— Work required —
All lines below must be repeated exactly, with the pictures omitted.

— Source material —
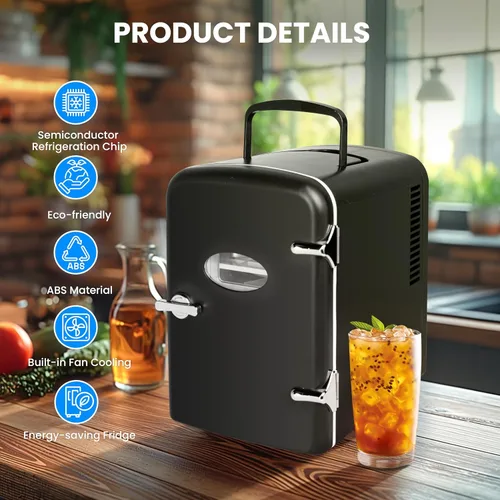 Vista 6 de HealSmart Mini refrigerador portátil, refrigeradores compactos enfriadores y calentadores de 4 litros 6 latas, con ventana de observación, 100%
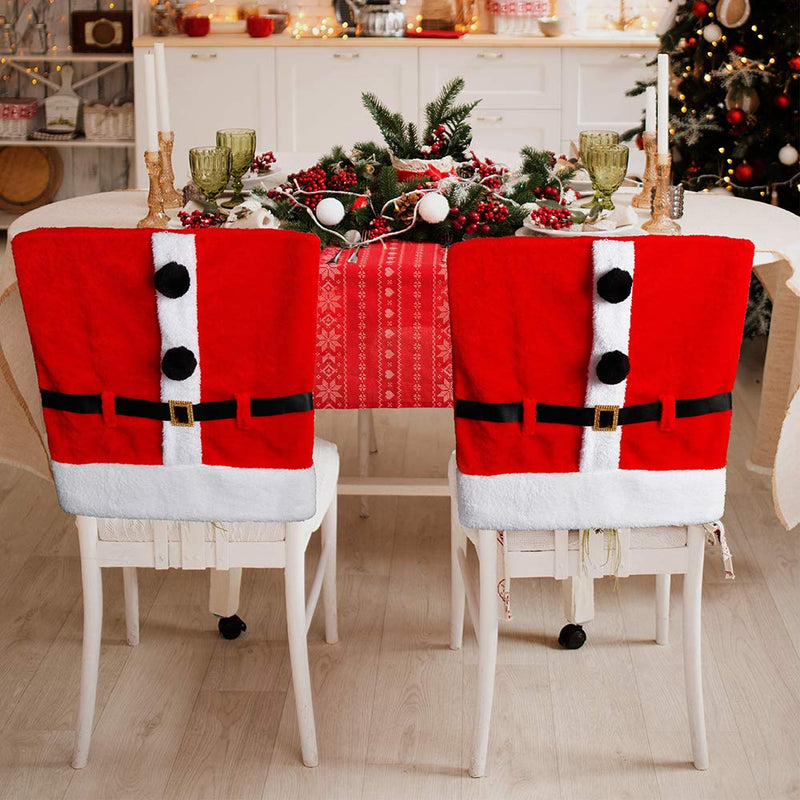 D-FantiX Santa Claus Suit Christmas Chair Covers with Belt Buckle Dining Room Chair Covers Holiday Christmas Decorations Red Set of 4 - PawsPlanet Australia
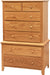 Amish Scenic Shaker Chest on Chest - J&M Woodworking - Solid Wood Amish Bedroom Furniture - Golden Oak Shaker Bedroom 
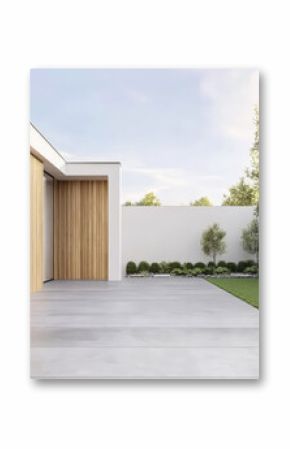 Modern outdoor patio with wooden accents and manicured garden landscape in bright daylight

— Final answer —
 Vista 6 de HealSmart Mini refrigerador portátil, refrigeradores compactos enfriadores y calentadores de 4 litros 6 latas, con ventana de observación, 100%
 D-FantiX Santa Claus Suit Christmas Chair Covers with Belt Buckle Dining Room Chair Covers Holiday Christmas Decorations Red Set of 4 - PawsPlanet Australia
 Amish Scenic Shaker Chest on Chest - J&M Woodworking - Solid Wood Amish Bedroom Furniture - Golden Oak Shaker Bedroom 
 Modern outdoor patio with wooden accents and manicured garden landscape in bright daylight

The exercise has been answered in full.